Créé en 1340 par le Comte de Luxembourg Jean L’Aveugle, à l’image notamment des foires champenoises et suite à leur déclin, la Schober-Messe (devenue ensuite Schueberfouer) a été pendant plusieurs siècles le point de contacts commerciaux entre les marchands venus des Flandres, de France, d’Espagne, d’Italie, de Suisse et d’Allemagne, pour y échanger produits artisanaux, tissus, et épices.
Au 18ème siècle, la foire devient progressivement un lieu d’amusement. L’industrialisation, l’arrivée des grands magasins et la sédentarisation du commerce du 19ème siècle la transforment définitivement en une fête foraine, portée par le développement du cirque, l’invention du cinéma et par des attractions toujours plus impressionnantes et époustouflantes.

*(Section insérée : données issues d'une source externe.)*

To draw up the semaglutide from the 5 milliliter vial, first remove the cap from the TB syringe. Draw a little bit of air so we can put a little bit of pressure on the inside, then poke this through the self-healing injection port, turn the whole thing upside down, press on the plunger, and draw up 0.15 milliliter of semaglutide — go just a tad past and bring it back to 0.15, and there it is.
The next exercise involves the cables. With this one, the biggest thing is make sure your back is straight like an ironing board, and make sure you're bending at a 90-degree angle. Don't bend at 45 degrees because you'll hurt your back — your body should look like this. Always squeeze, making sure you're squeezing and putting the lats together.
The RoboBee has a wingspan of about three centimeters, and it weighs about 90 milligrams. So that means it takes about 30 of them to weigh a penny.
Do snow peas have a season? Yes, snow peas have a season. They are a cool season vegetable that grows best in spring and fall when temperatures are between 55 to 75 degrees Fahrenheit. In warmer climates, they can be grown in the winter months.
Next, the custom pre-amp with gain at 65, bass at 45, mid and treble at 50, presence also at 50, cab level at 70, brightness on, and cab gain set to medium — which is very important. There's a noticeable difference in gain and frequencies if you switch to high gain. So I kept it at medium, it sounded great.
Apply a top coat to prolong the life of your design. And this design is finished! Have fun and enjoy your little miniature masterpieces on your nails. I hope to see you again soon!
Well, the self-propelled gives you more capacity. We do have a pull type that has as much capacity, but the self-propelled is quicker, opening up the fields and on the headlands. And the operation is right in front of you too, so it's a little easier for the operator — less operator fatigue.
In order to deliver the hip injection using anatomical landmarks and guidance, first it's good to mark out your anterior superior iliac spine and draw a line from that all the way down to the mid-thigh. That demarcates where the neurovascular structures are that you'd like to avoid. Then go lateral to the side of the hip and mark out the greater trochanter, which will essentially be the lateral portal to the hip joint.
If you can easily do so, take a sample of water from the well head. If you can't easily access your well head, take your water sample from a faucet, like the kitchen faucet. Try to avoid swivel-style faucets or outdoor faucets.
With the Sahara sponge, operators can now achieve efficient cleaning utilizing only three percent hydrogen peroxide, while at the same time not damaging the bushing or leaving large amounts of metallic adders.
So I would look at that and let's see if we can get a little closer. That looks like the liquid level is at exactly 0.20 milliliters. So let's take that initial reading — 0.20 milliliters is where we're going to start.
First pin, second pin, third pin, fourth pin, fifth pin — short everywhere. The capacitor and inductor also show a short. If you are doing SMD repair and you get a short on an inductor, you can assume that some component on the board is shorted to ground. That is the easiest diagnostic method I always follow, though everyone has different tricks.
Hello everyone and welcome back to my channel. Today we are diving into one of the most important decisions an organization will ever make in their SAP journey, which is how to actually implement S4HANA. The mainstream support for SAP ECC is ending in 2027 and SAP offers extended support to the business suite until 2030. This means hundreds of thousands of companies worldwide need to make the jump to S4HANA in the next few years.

Aujourd’hui, la Schueberfouer est devenue « le plus grand événement d’amusement populaire de la Grande Région, et un véritable événement européen », insiste Steve Kayser. Les plaques d’immatriculation des forains et des visiteurs, les langues pratiquées par les professionnels et le public, démontrent d’ailleurs que son rayonnement s’étend au-delà des régions et pays limitrophes, et prouvent que le Luxembourg reste, comme il y a sept siècles, un carrefour d’échanges et de communication incontournable, au centre du Vieux Continent.
APPEL DE NOTE « Le phénomène épidémique dans le duché de Luxembourg à la fin du régime autrichien » 1985)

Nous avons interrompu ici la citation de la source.